**REQUIREMENT**
From the records below, extract only the lines running from the line with "Apartamento para alugar com 43m², 2 quartos e 1 vaga Apartamento" to the line with "Kuninkaan Kaartilaisen Puku Punainen", both lines included, reproducing them exactly.

Brief descriptive captions
........

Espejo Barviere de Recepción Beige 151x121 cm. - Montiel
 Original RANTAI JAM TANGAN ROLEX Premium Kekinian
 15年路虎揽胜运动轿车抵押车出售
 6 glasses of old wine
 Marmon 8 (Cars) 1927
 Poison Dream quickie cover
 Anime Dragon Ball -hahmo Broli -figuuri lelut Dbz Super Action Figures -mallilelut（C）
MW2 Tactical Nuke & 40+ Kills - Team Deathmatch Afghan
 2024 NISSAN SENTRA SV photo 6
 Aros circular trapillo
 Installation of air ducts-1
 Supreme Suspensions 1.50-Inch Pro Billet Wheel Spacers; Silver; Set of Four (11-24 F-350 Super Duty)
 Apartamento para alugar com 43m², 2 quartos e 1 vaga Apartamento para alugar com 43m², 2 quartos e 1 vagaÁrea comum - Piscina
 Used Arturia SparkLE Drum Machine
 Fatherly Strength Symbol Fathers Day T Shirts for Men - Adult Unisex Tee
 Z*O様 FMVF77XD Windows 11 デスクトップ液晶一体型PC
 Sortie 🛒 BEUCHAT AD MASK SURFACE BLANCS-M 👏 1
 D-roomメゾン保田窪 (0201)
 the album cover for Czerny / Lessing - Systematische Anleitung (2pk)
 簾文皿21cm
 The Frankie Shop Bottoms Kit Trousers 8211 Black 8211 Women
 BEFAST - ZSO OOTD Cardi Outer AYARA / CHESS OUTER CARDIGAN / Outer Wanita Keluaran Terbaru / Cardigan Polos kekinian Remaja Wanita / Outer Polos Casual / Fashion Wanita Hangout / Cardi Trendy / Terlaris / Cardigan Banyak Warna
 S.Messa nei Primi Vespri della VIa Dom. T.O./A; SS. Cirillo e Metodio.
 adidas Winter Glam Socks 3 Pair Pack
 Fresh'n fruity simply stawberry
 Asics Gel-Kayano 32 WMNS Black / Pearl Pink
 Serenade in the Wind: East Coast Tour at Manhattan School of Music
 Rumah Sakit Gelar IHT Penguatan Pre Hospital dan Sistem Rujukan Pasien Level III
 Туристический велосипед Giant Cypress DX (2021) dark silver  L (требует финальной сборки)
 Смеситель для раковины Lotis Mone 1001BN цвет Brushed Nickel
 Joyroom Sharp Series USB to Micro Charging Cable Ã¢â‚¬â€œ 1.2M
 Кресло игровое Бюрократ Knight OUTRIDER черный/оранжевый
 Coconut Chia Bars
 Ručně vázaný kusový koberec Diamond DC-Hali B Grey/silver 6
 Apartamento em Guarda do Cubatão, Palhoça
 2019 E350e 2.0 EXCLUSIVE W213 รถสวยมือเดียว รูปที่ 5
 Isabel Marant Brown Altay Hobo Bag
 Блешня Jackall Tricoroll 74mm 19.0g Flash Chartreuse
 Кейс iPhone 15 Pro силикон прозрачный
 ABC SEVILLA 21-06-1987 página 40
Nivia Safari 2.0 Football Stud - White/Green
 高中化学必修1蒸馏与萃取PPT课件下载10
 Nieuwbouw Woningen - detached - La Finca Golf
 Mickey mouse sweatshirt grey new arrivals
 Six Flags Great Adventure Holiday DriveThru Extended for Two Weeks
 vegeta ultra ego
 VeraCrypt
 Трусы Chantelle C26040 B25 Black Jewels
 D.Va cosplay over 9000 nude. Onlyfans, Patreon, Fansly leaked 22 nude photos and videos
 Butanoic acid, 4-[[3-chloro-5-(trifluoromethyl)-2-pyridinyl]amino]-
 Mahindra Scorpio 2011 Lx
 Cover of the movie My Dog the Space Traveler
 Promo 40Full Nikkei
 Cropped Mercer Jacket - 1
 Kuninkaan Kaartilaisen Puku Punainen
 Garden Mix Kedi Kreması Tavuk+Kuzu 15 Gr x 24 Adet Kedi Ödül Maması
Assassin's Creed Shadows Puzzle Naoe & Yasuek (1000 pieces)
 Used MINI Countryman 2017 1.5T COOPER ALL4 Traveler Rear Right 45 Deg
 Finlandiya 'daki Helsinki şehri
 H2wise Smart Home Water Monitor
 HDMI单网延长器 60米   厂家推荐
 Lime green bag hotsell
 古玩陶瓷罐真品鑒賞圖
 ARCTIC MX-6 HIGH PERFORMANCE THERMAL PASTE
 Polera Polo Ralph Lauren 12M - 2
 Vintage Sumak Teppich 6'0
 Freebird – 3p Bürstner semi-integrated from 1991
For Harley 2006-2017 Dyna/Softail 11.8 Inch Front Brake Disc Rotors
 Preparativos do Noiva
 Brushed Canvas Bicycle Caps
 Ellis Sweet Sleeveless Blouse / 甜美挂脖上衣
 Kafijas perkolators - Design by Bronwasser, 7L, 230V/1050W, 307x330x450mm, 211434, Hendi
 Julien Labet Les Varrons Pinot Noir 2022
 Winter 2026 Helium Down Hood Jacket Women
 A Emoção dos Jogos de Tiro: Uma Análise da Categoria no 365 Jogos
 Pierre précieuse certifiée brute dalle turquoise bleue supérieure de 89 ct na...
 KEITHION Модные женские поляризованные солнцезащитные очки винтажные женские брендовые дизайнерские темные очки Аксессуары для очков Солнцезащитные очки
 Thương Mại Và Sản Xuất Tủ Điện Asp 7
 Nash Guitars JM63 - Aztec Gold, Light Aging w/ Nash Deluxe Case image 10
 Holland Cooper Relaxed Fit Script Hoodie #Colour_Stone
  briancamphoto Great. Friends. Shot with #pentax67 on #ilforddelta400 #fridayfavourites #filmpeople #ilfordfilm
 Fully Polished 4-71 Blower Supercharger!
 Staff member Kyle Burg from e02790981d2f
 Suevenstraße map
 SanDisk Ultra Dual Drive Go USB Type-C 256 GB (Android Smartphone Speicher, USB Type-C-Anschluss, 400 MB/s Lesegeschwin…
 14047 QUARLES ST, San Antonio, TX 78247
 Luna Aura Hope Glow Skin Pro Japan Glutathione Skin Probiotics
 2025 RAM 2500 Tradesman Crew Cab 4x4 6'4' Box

........

**OUTPUT BELOW**
 Apartamento para alugar com 43m², 2 quartos e 1 vaga Apartamento para alugar com 43m², 2 quartos e 1 vagaÁrea comum - Piscina
 Used Arturia SparkLE Drum Machine
 Fatherly Strength Symbol Fathers Day T Shirts for Men - Adult Unisex Tee
 Z*O様 FMVF77XD Windows 11 デスクトップ液晶一体型PC
 Sortie 🛒 BEUCHAT AD MASK SURFACE BLANCS-M 👏 1
 D-roomメゾン保田窪 (0201)
 the album cover for Czerny / Lessing - Systematische Anleitung (2pk)
 簾文皿21cm
 The Frankie Shop Bottoms Kit Trousers 8211 Black 8211 Women
 BEFAST - ZSO OOTD Cardi Outer AYARA / CHESS OUTER CARDIGAN / Outer Wanita Keluaran Terbaru / Cardigan Polos kekinian Remaja Wanita / Outer Polos Casual / Fashion Wanita Hangout / Cardi Trendy / Terlaris / Cardigan Banyak Warna
 S.Messa nei Primi Vespri della VIa Dom. T.O./A; SS. Cirillo e Metodio.
 adidas Winter Glam Socks 3 Pair Pack
 Fresh'n fruity simply stawberry
 Asics Gel-Kayano 32 WMNS Black / Pearl Pink
 Serenade in the Wind: East Coast Tour at Manhattan School of Music
 Rumah Sakit Gelar IHT Penguatan Pre Hospital dan Sistem Rujukan Pasien Level III
 Туристический велосипед Giant Cypress DX (2021) dark silver  L (требует финальной сборки)
 Смеситель для раковины Lotis Mone 1001BN цвет Brushed Nickel
 Joyroom Sharp Series USB to Micro Charging Cable Ã¢â‚¬â€œ 1.2M
 Кресло игровое Бюрократ Knight OUTRIDER черный/оранжевый
 Coconut Chia Bars
 Ručně vázaný kusový koberec Diamond DC-Hali B Grey/silver 6
 Apartamento em Guarda do Cubatão, Palhoça
 2019 E350e 2.0 EXCLUSIVE W213 รถสวยมือเดียว รูปที่ 5
 Isabel Marant Brown Altay Hobo Bag
 Блешня Jackall Tricoroll 74mm 19.0g Flash Chartreuse
 Кейс iPhone 15 Pro силикон прозрачный
 ABC SEVILLA 21-06-1987 página 40
Nivia Safari 2.0 Football Stud - White/Green
 高中化学必修1蒸馏与萃取PPT课件下载10
 Nieuwbouw Woningen - detached - La Finca Golf
 Mickey mouse sweatshirt grey new arrivals
 Six Flags Great Adventure Holiday DriveThru Extended for Two Weeks
 vegeta ultra ego
 VeraCrypt
 Трусы Chantelle C26040 B25 Black Jewels
 D.Va cosplay over 9000 nude. Onlyfans, Patreon, Fansly leaked 22 nude photos and videos
 Butanoic acid, 4-[[3-chloro-5-(trifluoromethyl)-2-pyridinyl]amino]-
 Mahindra Scorpio 2011 Lx
 Cover of the movie My Dog the Space Traveler
 Promo 40Full Nikkei
 Cropped Mercer Jacket - 1
 Kuninkaan Kaartilaisen Puku Punainen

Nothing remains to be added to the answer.